THE SUPREME COURT OF NEW HAMPSHIRE
___________________________
9th Circuit Court-Nashua Family Division Case No. 2024-0715 Citation: In the Matter of Stansfield & Patti, 2026 N.H. 17
IN THE MATTER OF JILL STANSFIELD AND TODD PATTI
Submitted: October 15, 2025 Opinion Issued: April 23, 2026
Shanelaris Schirch & Warburton PLLC, of Nashua (Jennifer E. Warburton on the brief), for the petitioner.
Todd Patti did not appear.
John M. Formella, attorney general, and Anthony J. Galdieri, solicitor general (Mary A. Triick, senior assistant attorney general, on the brief), for the New Hampshire Department of Health and Human Services, Bureau of Child Support Services, as amicus curiae.
GOULD, J.
[¶1] The petitioner, Jill Stansfield (mother), appeals an order of the Circuit Court (Rauseo, J.) approving a parenting plan but ruling that it lacked subject matter jurisdiction to both award child support and issue other support-related orders. We reverse and remand.
I. Background
[¶2] The following facts are drawn from the trial court order and the record. The mother and the respondent, Todd Patti (father), are the unmarried parents of two children. The parties separated in January 2023. In March 2023, the father stopped depositing his pay into the parties’ joint account and stopped contributing to any expenses. Sometime thereafter, the father informed the mother that he was relocating to Florida. In October 2023, the mother, a resident of New Hampshire, filed a parenting petition seeking final orders, including an order requiring the father to pay child support.
[¶3] The father did not file an appearance, and the trial court held a final default hearing on August 12, 2024. The trial court then issued a final parenting decree and a parenting plan but declined to issue a child support order. The mother filed a motion to reconsider, and the court scheduled a hearing. At the hearing, the trial court agreed that it had personal jurisdiction over the father but stated that it lacked subject matter jurisdiction to award child support because of language contained in RSA 546-B:31, a provision of the Uniform Interstate Family Support Act (UIFSA).

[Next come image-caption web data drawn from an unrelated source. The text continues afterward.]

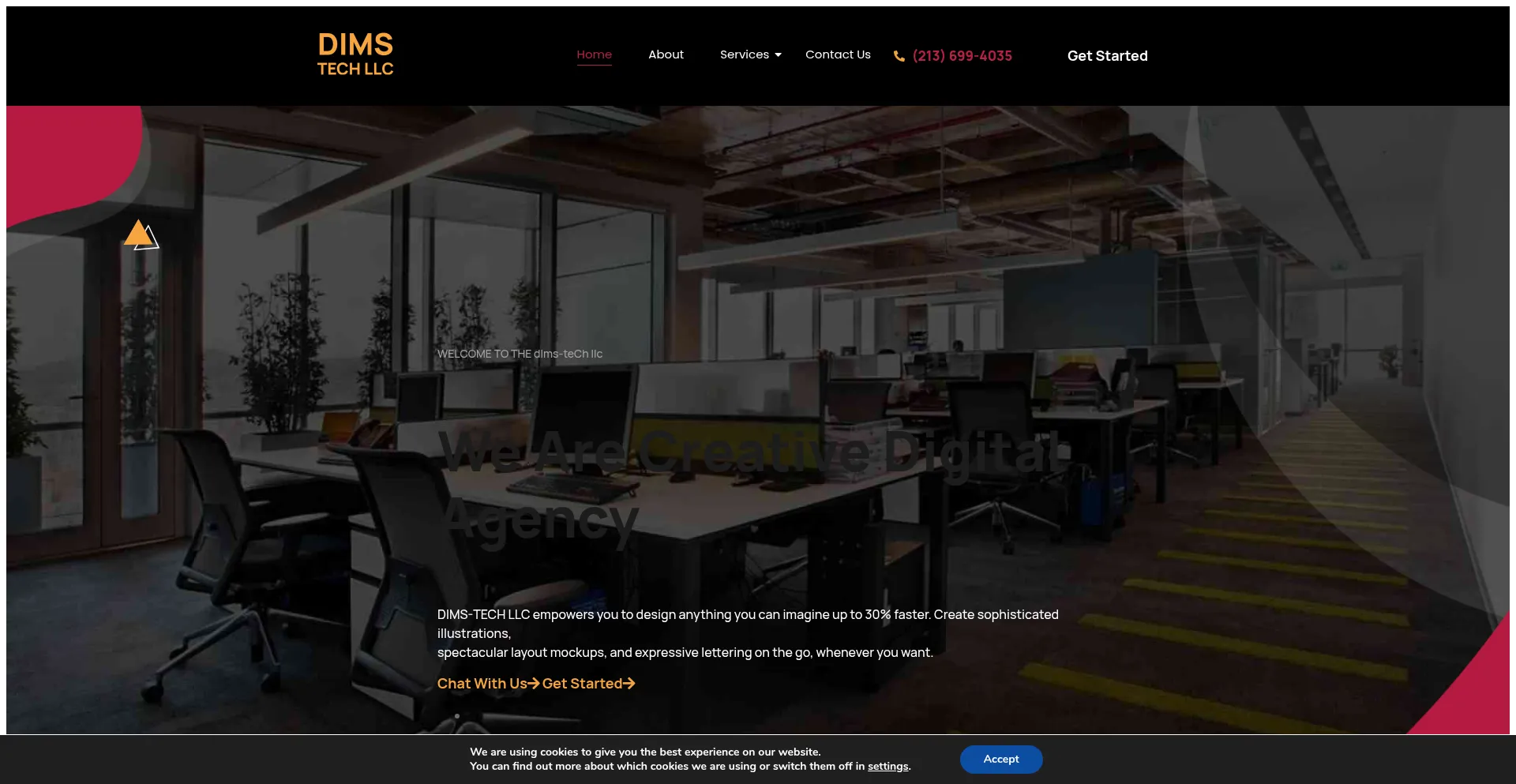 Website screenshot of Dimstechllc.com
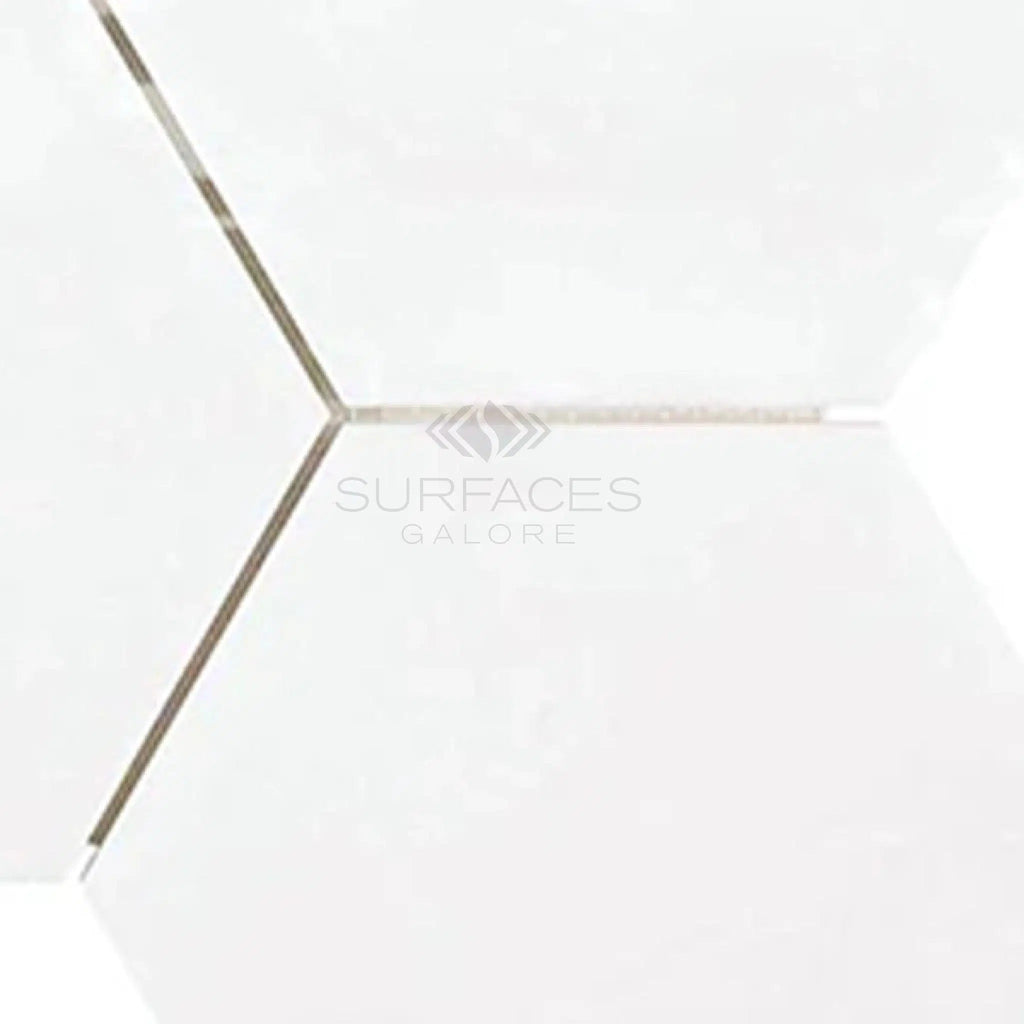 Thassos White (Greek) 6X6 Hexagon Mosaic Marble Polished - Honed - SurfacesGalorePolished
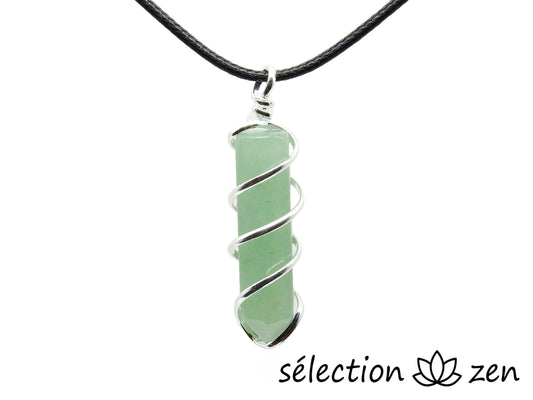 pendentif pointe aventurine dans spirale selection-zen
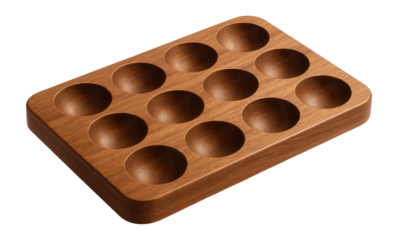 Wooden egg holder with twelve slots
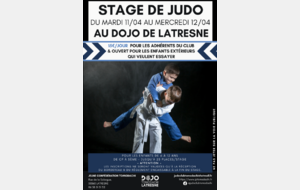Stage Judo du Mardi 11 Avril au Mercredi 12 Avril 2023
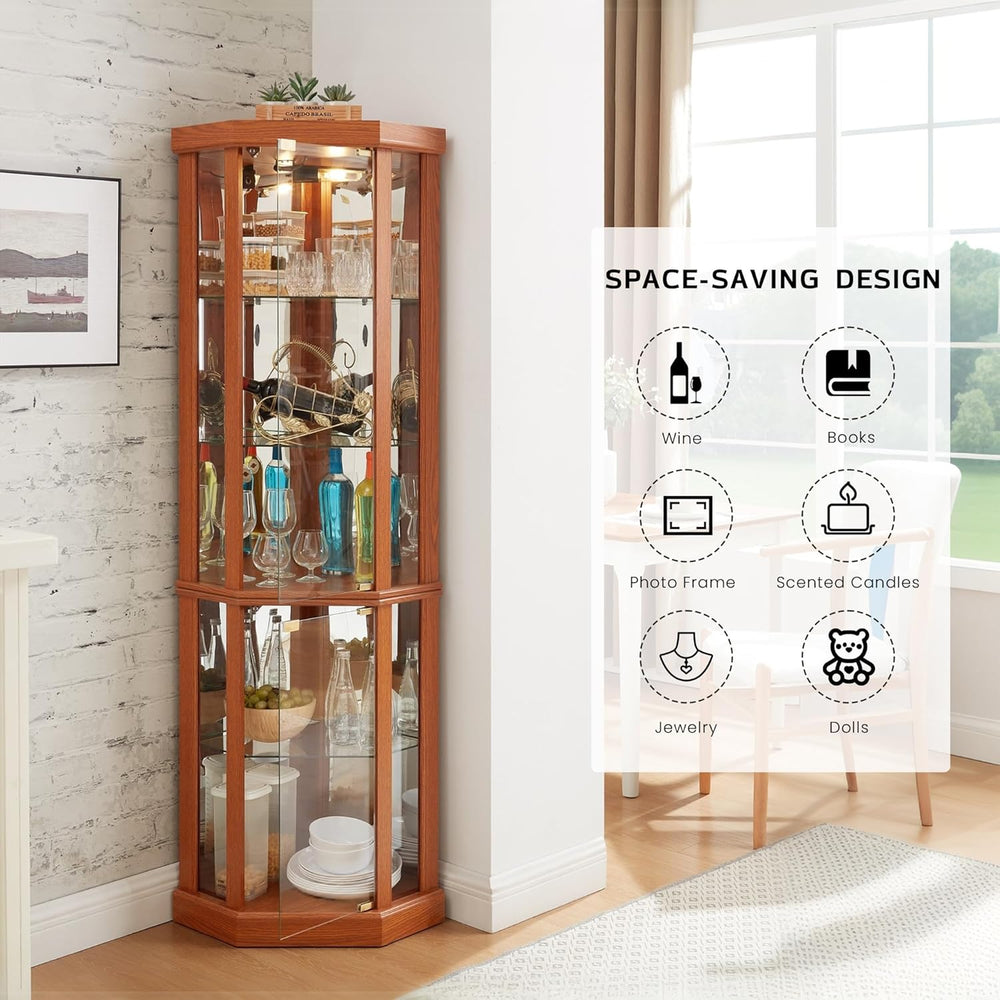 70" H Lighted Corner Curio Cabinet, Glass Display Cage with Tempered Gla...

See RSA 546-B:31 (2021). In its narrative order denying the motion to reconsider, the trial court explained that it “does not have subject matter jurisdiction under RSA 546-B:31, which requires that a responding tribunal such as New Hampshire having personal jurisdiction over its parties may only issue a Support Order if the individual seeking the order resides outside of New Hampshire.” The mother argues on appeal that the trial court erred when it declined to issue a child support order for lack of subject matter jurisdiction. We agree.
II. Analysis
[¶4] A court does not have power to hear a case concerning subject matters over which it lacks jurisdiction. Colburn v. Saykaly, 173 N.H. 162, 164 (2020). Whether a trial court has subject matter jurisdiction is a question of law. Id. Our standard of review is de novo. Id.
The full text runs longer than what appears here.